Fast semi-analytical N-body interactions in planet formation population synthesis models
Antoine Petit  1@  
1 : Joseph Louis LAGRANGE
Université Nice Sophia Antipolis (1965 - 2019), Institut National des Sciences de l'Univers, Observatoire de la Cote d'Azur, Université Côte d'Azur, Centre National de la Recherche Scientifique

Fitting planet formation models to the exoplanet demographics necessitates to generate hundred of thousands of systems. Yet, modelling every planet formation processes,such as dust coagulation, interactions with the protoplanetary disk or planet interactions, in a single simulation is still beyond our computational capabilities.
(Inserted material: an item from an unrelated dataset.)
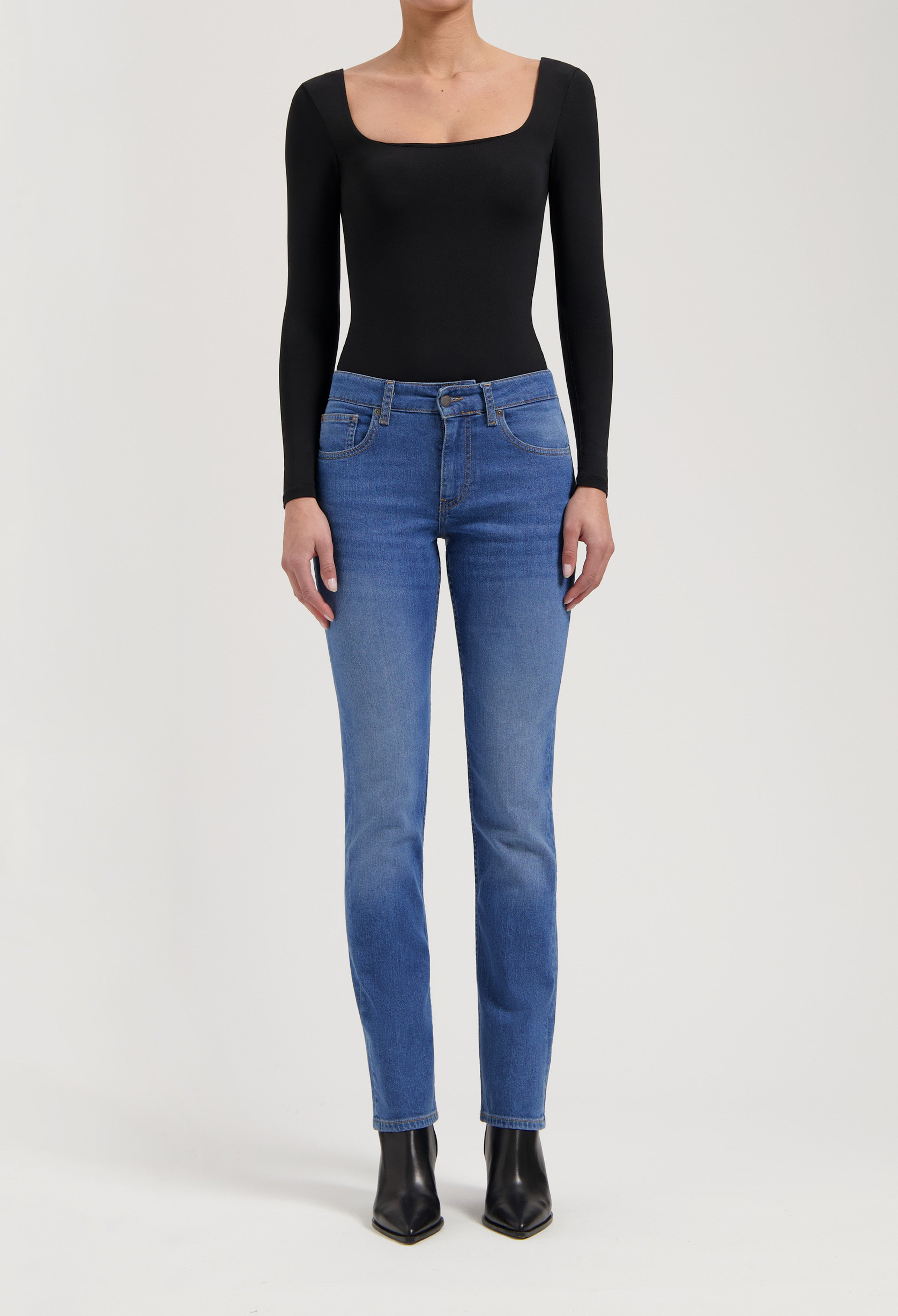 Woman in blue straight-leg jeans and a fitted black scoop-neck top with long sleeves, paired with black ankle boots.
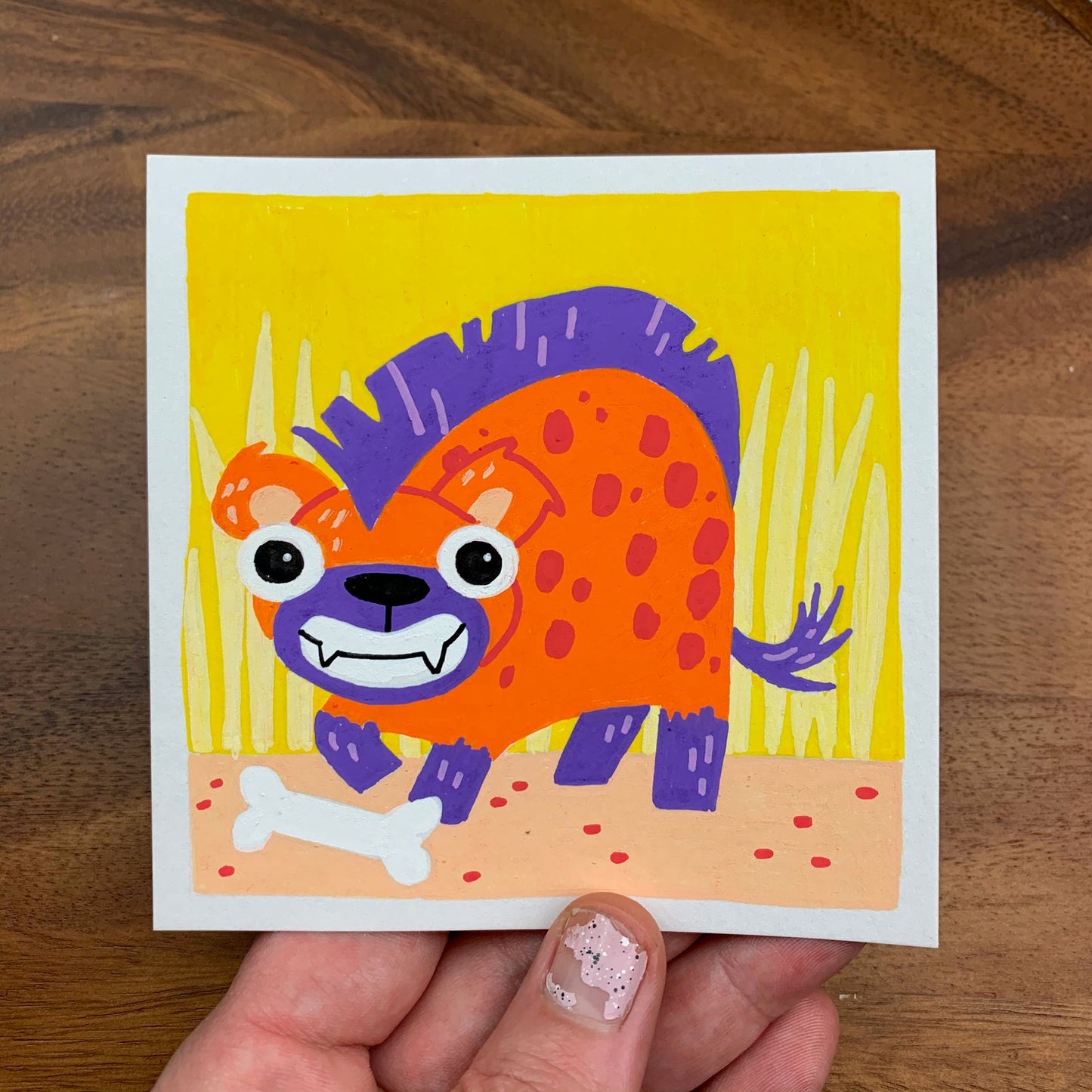 Original artwork of a cute hyena with a big smile and a bone. Materials used: Uni-Posca paint markers.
The population synthesis approach aims at combining fast semi-analytical recipes modelling the important physical processes at play, to keep an affordable computational cost. The bottleneck of the current state-of-the-art simulations is the N-body interactions between planetary embryos, within and after the disk lifetime. In this work we propose a framework to replace direct N-body integrations in population synthesis models by semi-analytical recipes derived from the recent breakthroughs in our understanding of planet dynamics during their formation. We self-consistently model mean motion resonances, compact systems instability, planet scattering and collisions. We combine our model with state-of-the-art modelling of planet growth and migration. Our method statistically reproduces results obtained in simulations including N-body integration, for a fraction of the computational cost. We discuss how this approach enable us to use the entire exoplanet population to constrain planet formation models and planetary system architecture.